LLD 19 — Right-to-Deletion (RTD) Engine (Wave 4B)
| Field | Value |
|---|---|
| Parent HLD | #456 agent-runtime-wave-4b-enterprise-compliance.md |
| PRD | #380 (P4.8.5) |
| Issue | #462 |
| PR | #477 (merged 2b5ca26) |
| Doc backfill | #478 |
| Milestone | 9 |
| Wave | 4B |
| Size | XL (~2600 LoC impl + tests) |
| Depends on | LLD 18 (#469) classregistry, Wave 1 audit hash-chain |
| Parallel with | LLD 20 retention (#463), LLD 21 SBOM+SIEM (#464) |
Founder decisions (binding, from #380 comment 4254408367):
- Q1 — Audit + usage aggregates: REDACT identifiers, RETAIN aggregate rows. 7-year tax floor trumps GDPR delete.
- Q2 — Dual-control mode: STRICT. A second platform-admin must attest with a one-time HMAC token inside a 72h window. Same-admin attempts are rejected at both the service layer and the DB.
- Q5 — Engine replicas: SINGLE. A PG advisory lock (
upsquad.compliance_engine) is held for the entire daemon lifetime. A rolling restart usesRecreateso the lock transfers cleanly.
This LLD doc was backfilled after PR #477 merged (#478). The shipped code is the authoritative spec; this document is a human-readable companion and auditor trail.
1. Scope
Tenant-initiated, legally-attested purge of personal / operational / secret data across the 55+ scopes registered by LLD 18. The flow is:
RequestDeletion(RPC) ──► AWAITING_ATTESTATION
│
│ AttestDeletion(RPC, different admin, <72h)
▼
QUEUED
│
│ compliance-engine tick (singleton)
▼
RUNNING
│
├─► PURGE (deleters)
│ │
│ ▼
├─► VERIFY (re-scan; loop to PURGE 3x)
│ │
│ ▼
├─► REDACT (audit + usage identifiers)
│ │
│ ▼
└─► CERTIFY (HMAC sign + S3 upload)
│
▼
SUCCEEDED
Every phase writes a row to erasure_phase_log. A crashed daemon restarts with resumeInFlight which re-reads the log and continues from the last non-success entry. The 30-day GDPR SLA is enforced by a per-hour ticker that pages at T-24h and breach-marks at T-0.
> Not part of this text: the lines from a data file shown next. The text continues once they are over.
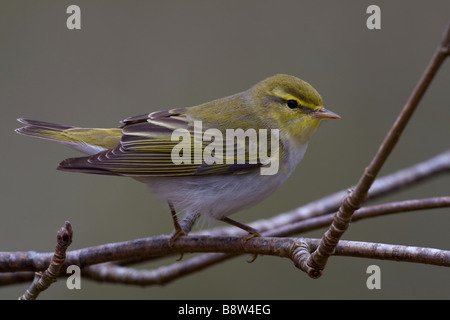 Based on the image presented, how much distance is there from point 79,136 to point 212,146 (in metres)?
0.93

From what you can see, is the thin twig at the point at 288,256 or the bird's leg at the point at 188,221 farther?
the bird's leg at the point at 188,221

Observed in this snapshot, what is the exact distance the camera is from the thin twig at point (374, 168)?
1.48 m

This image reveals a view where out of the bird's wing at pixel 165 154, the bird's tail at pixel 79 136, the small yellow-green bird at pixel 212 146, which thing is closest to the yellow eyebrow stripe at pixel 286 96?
the small yellow-green bird at pixel 212 146

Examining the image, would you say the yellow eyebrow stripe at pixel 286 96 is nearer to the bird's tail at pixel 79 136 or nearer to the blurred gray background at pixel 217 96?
the bird's tail at pixel 79 136

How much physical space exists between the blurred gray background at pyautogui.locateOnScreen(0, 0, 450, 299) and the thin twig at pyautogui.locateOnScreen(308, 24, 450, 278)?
3.28m

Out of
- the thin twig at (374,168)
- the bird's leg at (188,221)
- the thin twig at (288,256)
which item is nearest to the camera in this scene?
the thin twig at (374,168)

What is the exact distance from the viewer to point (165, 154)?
349 centimetres

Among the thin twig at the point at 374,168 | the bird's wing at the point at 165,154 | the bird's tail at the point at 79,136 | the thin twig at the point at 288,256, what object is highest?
the bird's tail at the point at 79,136

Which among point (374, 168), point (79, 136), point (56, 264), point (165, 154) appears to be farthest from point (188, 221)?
point (374, 168)

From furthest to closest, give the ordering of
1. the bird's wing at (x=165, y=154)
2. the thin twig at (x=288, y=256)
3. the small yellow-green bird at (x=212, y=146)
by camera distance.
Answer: the small yellow-green bird at (x=212, y=146), the bird's wing at (x=165, y=154), the thin twig at (x=288, y=256)

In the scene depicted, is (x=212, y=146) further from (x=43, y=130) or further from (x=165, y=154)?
(x=43, y=130)

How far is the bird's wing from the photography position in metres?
3.28

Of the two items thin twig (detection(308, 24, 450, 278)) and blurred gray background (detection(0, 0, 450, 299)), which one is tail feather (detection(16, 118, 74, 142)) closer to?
blurred gray background (detection(0, 0, 450, 299))

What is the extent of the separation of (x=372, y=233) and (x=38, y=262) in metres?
3.61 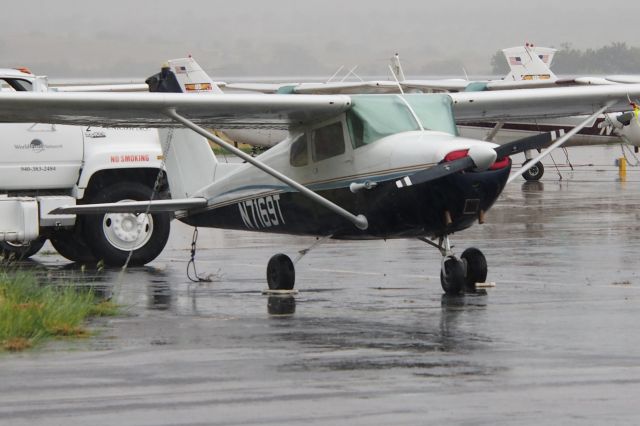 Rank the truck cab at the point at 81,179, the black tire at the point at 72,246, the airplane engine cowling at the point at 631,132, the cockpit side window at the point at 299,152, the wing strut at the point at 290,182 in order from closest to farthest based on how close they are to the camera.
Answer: the wing strut at the point at 290,182, the cockpit side window at the point at 299,152, the truck cab at the point at 81,179, the black tire at the point at 72,246, the airplane engine cowling at the point at 631,132

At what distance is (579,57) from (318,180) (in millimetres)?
104389

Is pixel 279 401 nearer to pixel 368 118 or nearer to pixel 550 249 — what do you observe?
pixel 368 118

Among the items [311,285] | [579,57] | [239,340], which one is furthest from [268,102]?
[579,57]

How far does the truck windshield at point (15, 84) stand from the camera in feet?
55.4

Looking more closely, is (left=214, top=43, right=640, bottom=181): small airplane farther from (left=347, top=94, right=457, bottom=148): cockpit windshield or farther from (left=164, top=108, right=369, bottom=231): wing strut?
(left=164, top=108, right=369, bottom=231): wing strut

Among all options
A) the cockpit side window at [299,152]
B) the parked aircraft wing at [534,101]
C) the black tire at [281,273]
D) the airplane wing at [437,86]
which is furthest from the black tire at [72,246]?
the airplane wing at [437,86]

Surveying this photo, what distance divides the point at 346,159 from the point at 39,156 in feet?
16.1

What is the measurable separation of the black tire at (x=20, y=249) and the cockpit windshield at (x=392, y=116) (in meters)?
5.80

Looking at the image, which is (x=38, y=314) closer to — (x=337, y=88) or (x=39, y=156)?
(x=39, y=156)

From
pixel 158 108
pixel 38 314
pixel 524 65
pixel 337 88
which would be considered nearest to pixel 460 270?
pixel 158 108

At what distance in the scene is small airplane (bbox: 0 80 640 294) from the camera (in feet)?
40.4

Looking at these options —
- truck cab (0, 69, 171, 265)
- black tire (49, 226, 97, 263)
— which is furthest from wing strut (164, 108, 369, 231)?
black tire (49, 226, 97, 263)

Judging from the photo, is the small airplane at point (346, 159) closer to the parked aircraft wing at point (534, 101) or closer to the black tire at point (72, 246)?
the parked aircraft wing at point (534, 101)

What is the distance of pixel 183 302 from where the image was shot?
12.9 metres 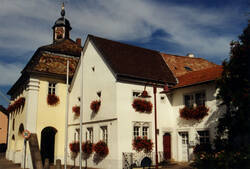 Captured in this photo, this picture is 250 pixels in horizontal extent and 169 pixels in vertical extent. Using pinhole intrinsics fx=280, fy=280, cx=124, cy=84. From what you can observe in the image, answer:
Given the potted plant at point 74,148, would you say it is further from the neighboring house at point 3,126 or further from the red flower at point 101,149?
the neighboring house at point 3,126

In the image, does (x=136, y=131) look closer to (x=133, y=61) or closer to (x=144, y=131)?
(x=144, y=131)

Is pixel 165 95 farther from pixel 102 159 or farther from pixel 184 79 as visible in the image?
pixel 102 159

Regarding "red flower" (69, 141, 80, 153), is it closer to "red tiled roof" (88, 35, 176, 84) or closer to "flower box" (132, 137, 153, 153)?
"flower box" (132, 137, 153, 153)

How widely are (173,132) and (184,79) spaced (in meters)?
4.06

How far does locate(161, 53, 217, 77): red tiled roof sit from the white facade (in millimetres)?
3488

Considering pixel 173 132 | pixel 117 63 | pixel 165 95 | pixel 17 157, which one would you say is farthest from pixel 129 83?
pixel 17 157

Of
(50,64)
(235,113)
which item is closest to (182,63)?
(50,64)

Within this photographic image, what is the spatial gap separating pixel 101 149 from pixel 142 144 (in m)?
2.76

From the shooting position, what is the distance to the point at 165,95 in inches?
827

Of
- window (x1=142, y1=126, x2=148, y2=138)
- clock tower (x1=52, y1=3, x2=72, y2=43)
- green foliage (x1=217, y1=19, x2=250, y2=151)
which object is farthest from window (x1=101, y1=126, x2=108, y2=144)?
clock tower (x1=52, y1=3, x2=72, y2=43)

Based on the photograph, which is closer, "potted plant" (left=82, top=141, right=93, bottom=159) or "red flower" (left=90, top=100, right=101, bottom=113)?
"red flower" (left=90, top=100, right=101, bottom=113)

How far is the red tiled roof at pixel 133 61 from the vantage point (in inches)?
773

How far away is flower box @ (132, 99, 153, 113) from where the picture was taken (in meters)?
19.0

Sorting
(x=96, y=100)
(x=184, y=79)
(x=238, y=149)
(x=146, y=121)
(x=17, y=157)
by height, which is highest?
(x=184, y=79) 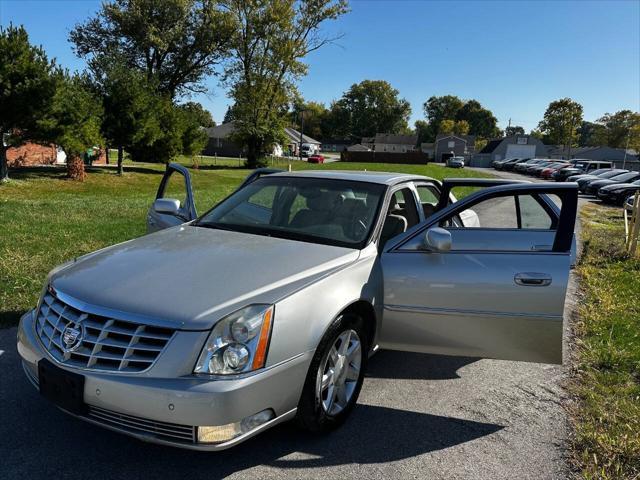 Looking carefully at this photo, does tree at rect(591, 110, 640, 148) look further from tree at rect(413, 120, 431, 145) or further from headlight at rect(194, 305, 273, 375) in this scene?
headlight at rect(194, 305, 273, 375)

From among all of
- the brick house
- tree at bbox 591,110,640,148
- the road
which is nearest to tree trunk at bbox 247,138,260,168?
the brick house

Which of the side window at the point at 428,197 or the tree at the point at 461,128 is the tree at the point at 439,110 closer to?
the tree at the point at 461,128

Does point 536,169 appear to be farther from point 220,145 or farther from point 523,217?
point 220,145

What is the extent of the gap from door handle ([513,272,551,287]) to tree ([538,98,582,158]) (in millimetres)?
101560

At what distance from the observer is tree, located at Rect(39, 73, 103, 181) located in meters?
17.9

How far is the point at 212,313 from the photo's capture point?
8.13 ft

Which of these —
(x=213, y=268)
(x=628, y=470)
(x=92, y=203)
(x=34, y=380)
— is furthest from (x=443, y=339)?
(x=92, y=203)

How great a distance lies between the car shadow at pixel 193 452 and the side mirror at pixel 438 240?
1164 millimetres

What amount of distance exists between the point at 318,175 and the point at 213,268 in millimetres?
1710

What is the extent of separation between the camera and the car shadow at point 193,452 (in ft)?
8.75

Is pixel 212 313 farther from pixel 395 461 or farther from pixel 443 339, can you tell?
pixel 443 339

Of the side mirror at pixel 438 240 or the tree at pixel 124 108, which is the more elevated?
the tree at pixel 124 108

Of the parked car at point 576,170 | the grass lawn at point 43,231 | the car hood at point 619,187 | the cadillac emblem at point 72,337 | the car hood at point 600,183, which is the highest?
the parked car at point 576,170

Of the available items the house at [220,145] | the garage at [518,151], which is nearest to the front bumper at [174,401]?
the house at [220,145] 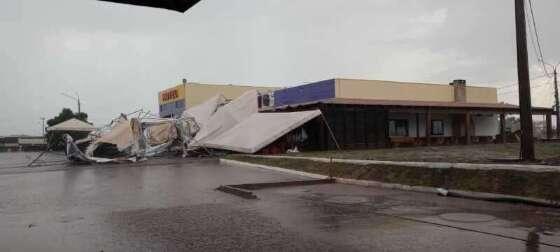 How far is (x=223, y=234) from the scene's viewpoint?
28.2 ft

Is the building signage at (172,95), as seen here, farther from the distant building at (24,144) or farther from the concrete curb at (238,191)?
the concrete curb at (238,191)

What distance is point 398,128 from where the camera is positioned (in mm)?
39844

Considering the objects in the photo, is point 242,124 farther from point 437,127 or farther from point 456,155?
point 456,155

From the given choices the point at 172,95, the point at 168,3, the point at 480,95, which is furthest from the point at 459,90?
the point at 168,3

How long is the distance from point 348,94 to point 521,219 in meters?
27.5

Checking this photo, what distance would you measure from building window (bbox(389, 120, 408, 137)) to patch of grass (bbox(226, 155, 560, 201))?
20.9m

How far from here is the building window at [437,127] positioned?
4236 cm

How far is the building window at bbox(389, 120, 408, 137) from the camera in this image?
3932 centimetres

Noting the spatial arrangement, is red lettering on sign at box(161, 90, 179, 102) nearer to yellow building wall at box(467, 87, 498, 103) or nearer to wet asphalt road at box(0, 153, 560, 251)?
yellow building wall at box(467, 87, 498, 103)

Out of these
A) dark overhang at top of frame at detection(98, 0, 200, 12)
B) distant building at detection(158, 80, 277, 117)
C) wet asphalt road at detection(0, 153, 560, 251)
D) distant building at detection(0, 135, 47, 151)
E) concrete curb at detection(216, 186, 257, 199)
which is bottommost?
wet asphalt road at detection(0, 153, 560, 251)

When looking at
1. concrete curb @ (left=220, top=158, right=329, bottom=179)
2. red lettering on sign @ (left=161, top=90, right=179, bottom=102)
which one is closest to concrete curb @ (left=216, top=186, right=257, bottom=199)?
concrete curb @ (left=220, top=158, right=329, bottom=179)

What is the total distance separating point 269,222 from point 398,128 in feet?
103

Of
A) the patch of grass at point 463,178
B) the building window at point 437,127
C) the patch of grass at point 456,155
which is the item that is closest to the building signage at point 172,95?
the building window at point 437,127

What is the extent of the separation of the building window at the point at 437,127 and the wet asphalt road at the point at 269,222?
1127 inches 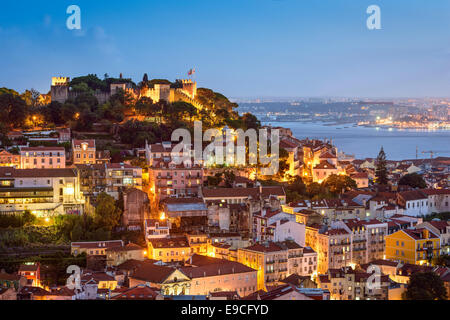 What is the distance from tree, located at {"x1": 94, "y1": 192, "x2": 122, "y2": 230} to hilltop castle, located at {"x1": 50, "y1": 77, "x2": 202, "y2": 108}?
7.89 m

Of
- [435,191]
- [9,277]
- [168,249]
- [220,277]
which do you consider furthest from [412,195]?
[9,277]

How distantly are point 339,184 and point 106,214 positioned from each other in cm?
613

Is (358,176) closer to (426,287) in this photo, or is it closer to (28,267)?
(426,287)

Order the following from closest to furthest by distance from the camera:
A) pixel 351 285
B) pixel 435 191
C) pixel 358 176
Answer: pixel 351 285 → pixel 435 191 → pixel 358 176

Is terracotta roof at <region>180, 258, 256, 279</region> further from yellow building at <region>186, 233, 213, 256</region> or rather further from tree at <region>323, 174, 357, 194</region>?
tree at <region>323, 174, 357, 194</region>

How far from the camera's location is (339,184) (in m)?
15.4

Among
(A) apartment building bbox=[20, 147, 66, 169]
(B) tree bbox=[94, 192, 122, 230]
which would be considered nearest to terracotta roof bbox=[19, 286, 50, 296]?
(B) tree bbox=[94, 192, 122, 230]

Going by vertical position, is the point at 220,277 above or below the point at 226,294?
above

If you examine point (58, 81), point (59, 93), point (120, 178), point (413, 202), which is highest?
point (58, 81)

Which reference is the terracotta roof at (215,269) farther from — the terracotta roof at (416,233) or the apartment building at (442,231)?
the apartment building at (442,231)

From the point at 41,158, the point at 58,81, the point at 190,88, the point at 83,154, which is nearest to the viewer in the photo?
the point at 41,158

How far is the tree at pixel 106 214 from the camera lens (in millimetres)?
11844

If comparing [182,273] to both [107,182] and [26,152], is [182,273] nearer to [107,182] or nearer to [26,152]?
[107,182] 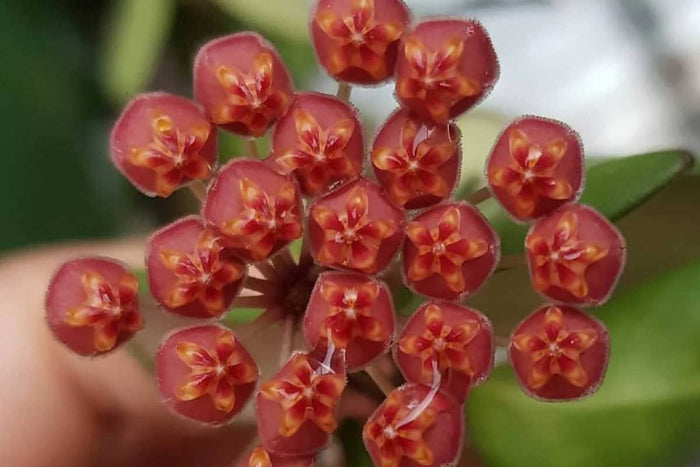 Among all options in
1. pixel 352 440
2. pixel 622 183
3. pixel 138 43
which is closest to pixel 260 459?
pixel 352 440

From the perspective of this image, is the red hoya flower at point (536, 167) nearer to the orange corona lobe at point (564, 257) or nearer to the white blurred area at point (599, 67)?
the orange corona lobe at point (564, 257)

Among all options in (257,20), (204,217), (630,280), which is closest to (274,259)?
(204,217)

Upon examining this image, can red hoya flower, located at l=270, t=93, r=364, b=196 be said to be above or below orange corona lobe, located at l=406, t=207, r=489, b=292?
above

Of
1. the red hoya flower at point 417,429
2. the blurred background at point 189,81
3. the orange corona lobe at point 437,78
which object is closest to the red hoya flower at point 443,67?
the orange corona lobe at point 437,78

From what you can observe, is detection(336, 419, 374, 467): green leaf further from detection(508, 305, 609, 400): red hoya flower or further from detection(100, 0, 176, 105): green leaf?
detection(100, 0, 176, 105): green leaf

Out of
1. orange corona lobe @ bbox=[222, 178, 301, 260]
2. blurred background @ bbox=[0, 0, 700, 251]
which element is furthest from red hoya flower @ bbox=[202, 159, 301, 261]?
A: blurred background @ bbox=[0, 0, 700, 251]

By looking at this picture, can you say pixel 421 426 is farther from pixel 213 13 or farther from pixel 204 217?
pixel 213 13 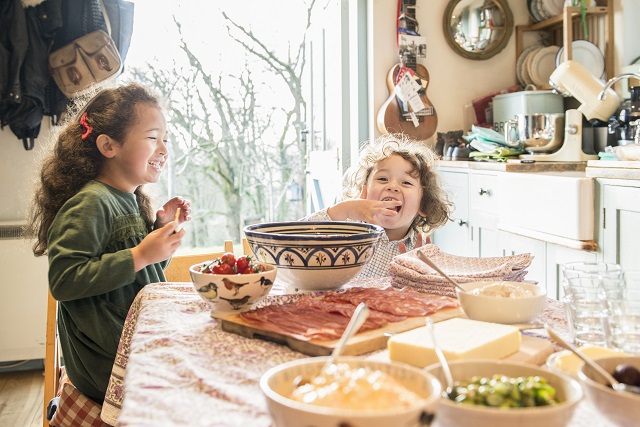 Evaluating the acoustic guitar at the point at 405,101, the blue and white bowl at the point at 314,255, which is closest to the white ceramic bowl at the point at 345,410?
the blue and white bowl at the point at 314,255

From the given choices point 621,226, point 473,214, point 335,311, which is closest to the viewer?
point 335,311

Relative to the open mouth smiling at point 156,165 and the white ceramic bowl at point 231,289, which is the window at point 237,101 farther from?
the white ceramic bowl at point 231,289

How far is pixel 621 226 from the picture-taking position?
227 centimetres

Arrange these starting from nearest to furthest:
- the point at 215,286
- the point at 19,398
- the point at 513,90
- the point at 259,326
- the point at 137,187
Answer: the point at 259,326
the point at 215,286
the point at 137,187
the point at 19,398
the point at 513,90

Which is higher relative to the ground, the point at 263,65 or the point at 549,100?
the point at 263,65

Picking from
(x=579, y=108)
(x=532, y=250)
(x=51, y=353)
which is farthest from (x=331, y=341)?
(x=579, y=108)

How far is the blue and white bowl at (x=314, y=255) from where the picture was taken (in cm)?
115

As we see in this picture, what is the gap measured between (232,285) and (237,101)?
436 cm

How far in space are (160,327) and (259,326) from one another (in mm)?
180

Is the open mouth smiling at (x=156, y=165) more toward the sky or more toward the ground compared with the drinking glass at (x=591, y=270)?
more toward the sky

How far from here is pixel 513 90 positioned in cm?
377

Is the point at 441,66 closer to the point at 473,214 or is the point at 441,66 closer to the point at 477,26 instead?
the point at 477,26

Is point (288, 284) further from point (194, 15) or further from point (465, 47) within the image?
point (194, 15)

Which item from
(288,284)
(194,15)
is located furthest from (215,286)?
(194,15) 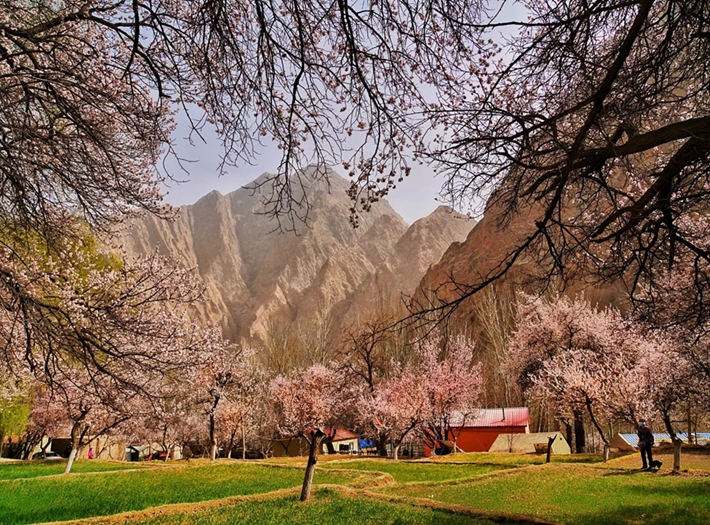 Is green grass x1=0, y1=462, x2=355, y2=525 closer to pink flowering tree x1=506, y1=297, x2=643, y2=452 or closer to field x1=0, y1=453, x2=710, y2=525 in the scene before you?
field x1=0, y1=453, x2=710, y2=525

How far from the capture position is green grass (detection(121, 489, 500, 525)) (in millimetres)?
7598

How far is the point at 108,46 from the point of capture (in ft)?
21.7

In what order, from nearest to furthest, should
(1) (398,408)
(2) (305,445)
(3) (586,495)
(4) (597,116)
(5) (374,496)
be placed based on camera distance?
(4) (597,116), (5) (374,496), (3) (586,495), (1) (398,408), (2) (305,445)

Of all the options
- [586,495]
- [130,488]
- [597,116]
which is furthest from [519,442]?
[597,116]

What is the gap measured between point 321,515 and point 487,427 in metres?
24.1

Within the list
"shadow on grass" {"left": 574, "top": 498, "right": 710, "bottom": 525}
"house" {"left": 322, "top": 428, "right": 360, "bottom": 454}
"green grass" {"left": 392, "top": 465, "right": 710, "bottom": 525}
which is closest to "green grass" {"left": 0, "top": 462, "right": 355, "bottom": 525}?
"green grass" {"left": 392, "top": 465, "right": 710, "bottom": 525}

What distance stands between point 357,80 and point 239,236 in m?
132

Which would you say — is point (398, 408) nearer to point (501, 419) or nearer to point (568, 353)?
point (568, 353)

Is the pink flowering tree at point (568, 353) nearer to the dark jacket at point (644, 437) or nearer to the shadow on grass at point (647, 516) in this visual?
the dark jacket at point (644, 437)

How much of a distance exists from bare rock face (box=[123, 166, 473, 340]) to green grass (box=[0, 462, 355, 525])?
182 feet

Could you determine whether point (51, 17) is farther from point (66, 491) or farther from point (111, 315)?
point (66, 491)

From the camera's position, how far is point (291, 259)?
10206cm

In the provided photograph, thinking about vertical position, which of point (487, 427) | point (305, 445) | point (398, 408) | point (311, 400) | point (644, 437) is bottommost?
point (305, 445)

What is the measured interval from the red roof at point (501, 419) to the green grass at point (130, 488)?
1588cm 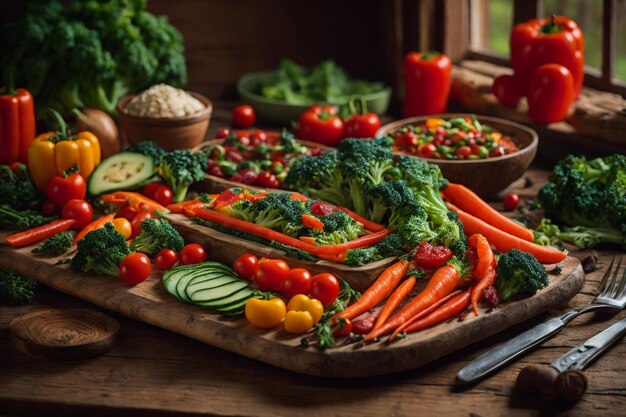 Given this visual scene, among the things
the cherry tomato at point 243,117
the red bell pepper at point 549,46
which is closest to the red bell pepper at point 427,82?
the red bell pepper at point 549,46

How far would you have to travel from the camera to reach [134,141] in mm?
5977

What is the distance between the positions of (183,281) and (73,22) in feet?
10.6

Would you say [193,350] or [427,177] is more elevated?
[427,177]

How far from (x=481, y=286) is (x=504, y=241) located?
2.18 feet

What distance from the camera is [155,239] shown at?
4477 millimetres

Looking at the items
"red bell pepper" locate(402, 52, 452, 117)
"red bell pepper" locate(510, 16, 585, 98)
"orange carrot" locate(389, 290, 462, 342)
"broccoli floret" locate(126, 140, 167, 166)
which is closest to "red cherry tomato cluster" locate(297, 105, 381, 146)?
"red bell pepper" locate(402, 52, 452, 117)

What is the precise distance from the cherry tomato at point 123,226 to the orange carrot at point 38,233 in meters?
0.38

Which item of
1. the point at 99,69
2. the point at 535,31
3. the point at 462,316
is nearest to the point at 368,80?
the point at 535,31

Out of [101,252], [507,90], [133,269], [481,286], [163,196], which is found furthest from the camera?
[507,90]

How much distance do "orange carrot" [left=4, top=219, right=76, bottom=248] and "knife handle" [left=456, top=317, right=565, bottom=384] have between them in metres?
2.61

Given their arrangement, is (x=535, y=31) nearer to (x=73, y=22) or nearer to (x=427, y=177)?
(x=427, y=177)

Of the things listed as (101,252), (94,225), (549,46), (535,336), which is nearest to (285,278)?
(101,252)

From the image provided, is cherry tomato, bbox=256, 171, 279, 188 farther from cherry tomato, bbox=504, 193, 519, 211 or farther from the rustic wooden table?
the rustic wooden table

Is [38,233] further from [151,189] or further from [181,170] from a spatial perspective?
[181,170] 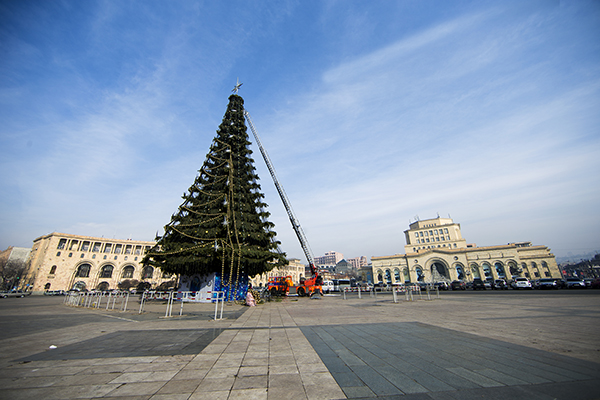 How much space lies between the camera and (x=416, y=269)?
7488cm

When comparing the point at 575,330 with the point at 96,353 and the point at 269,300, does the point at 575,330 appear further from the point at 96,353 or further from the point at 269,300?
the point at 269,300

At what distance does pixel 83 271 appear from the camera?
68.2m

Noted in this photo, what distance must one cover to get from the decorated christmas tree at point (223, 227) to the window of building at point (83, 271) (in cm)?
6765

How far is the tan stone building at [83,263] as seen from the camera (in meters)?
63.6

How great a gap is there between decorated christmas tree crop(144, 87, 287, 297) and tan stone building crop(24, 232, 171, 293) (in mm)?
49479

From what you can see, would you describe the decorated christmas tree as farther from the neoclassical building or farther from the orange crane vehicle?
the neoclassical building

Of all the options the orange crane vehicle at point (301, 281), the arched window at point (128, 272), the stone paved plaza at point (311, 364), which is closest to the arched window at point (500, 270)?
the orange crane vehicle at point (301, 281)

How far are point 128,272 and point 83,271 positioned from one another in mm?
10783

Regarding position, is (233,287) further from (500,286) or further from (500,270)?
(500,270)

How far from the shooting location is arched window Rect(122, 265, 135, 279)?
7291 cm

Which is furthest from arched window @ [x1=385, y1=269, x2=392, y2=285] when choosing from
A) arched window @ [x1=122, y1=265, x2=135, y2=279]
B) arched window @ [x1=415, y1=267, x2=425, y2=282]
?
arched window @ [x1=122, y1=265, x2=135, y2=279]

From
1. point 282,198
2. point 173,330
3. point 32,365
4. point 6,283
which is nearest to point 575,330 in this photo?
point 173,330

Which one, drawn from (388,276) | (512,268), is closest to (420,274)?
(388,276)

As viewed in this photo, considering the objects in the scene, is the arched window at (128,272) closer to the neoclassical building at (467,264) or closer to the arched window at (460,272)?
the neoclassical building at (467,264) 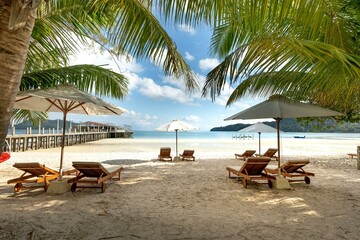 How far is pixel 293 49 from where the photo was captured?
6.62 ft

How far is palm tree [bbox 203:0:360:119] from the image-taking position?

2. Data Model (migration 051)
Five tables. RLS on the three tenant-visible ones; platform-scope on the two internal ones.
| Table | Class | RLS | Notes |
|---|---|---|---|
erasure_requests | Personal | yes | State-machine header. erasure_status + erasure_phase enums. |
erasure_phase_log | Audit | yes | Per-phase checkpoint. outcome IN (pending, success, failure, skipped). Cascades on request delete. |
erasure_certificates | Audit | yes | Immutable. REVOKE DELETE FROM PUBLIC. One row per request (UNIQUE). |
audit_redaction_chain | Audit | platform | Parallel hash-chain for REDACT step. Crosses tenant salt so it cannot be RLS-scoped per-tenant. REVOKE UPDATE, DELETE. |
erasure_attestation_tokens | Secret | platform | One-time Q2 tokens. Platform-scoped because only platform-admin can attest. token_sha256_hex is a CHAR(64) SHA-256 hash — the raw token is never persisted. |
Platform-scoped tables (audit_redaction_chain, erasure_attestation_tokens) are on the LLD 18 allow-list so the coverage gate stays green.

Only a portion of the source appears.